There were a few good games for each add on, as Sega CD had Sonic CD, Eternal Champions, Snatcher, Shining Force, Lunar EB and Lunar TSS, Final Fight, Ecco the Dolphin etc. I’m more than ashamed to admit that I actually had some fun with a few of those awful FMV games that the add on is most remembered for like Sewer Shark, Sherlock Holmes, etc.
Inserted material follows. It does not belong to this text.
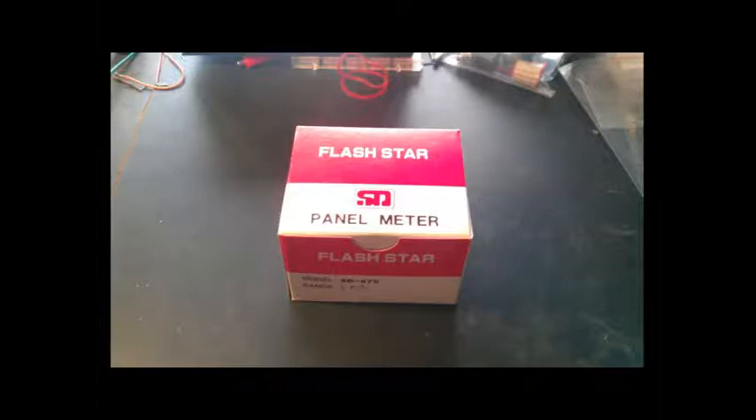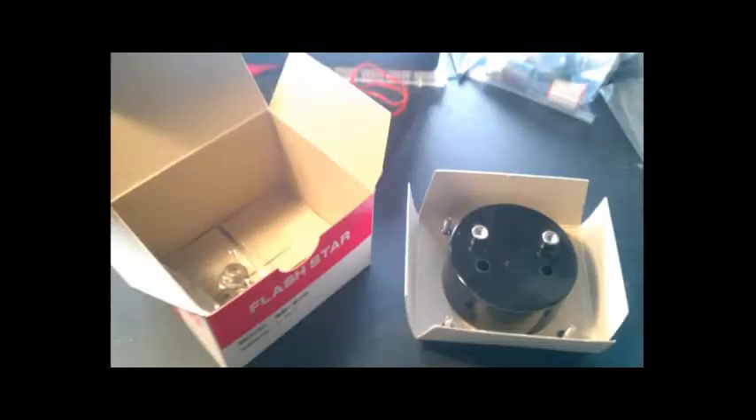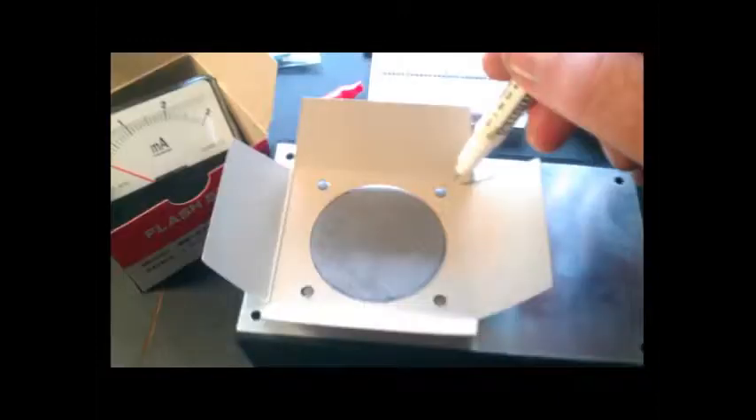First of all, this is how your meter arrives in a cute little box like this. Just a quick note: in previous videos, I've referred to this as a VU meter. That's just because I'm old, and I grew up in the 60s and 70s when you had volume unit meters on the fronts of stereos. The proper name for this is an analog panel meter. So calling it a VU meter is just kind of like saying Kleenex instead of facial tissue. Along with the cute little box, you get this cardboard cutout which has all of the holes — it's a very useful tool for marking the holes where you're going to mount the thing.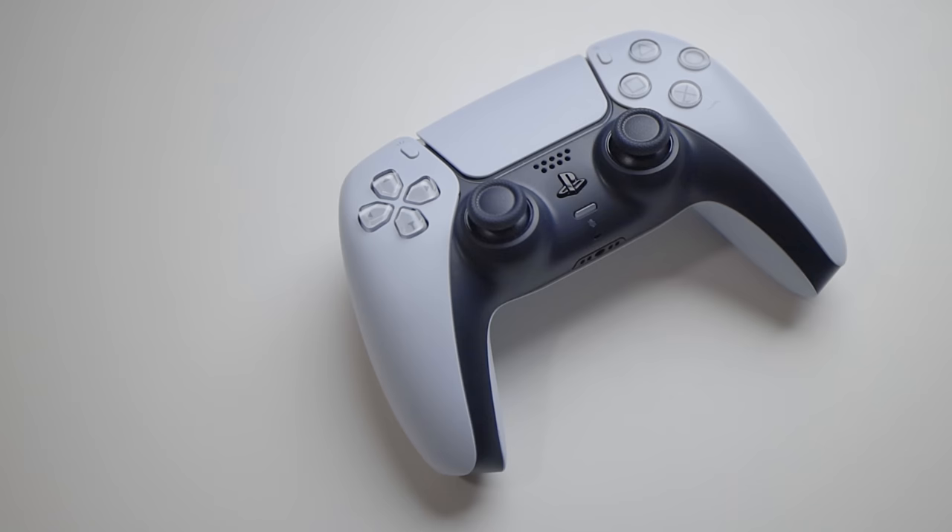A lot of people play games on their iPhone, and you can actually pair a controller with it. There's a whole line called MFI — Made for iPhone — with various controllers, and they're fine. But personally, the PlayStation or Xbox controller just feels a lot better. They have a little weight to them, they feel good in your hand, and the ergonomics are better. You can get a clip that attaches onto your PlayStation controller and holds your phone in place so you can play while sitting on the couch.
Same goes with 32X: Doom, Blackthorne, Knuckles Chaotix, a few Virtua games, Star Wars, etc.

But, for their prices, and their total libraries, they were still abject failures and I can’t defend that. Especially the 32X. I still think that both were good ideas, but it was still Sega going too far out there with their ideas.

Saturn was the only real big failure and a lot of what they did could provide lessons to companies like Sony for years to come. A difficult to program for console, keeping so many games in Japan, launching with only three games (VF, Daytona and Panzer Dragoon), a freakin stealth launch, and a price point of $400, allowing Sony that “walk up, $299, walk off” that basically killed the Saturn in one fell swoop.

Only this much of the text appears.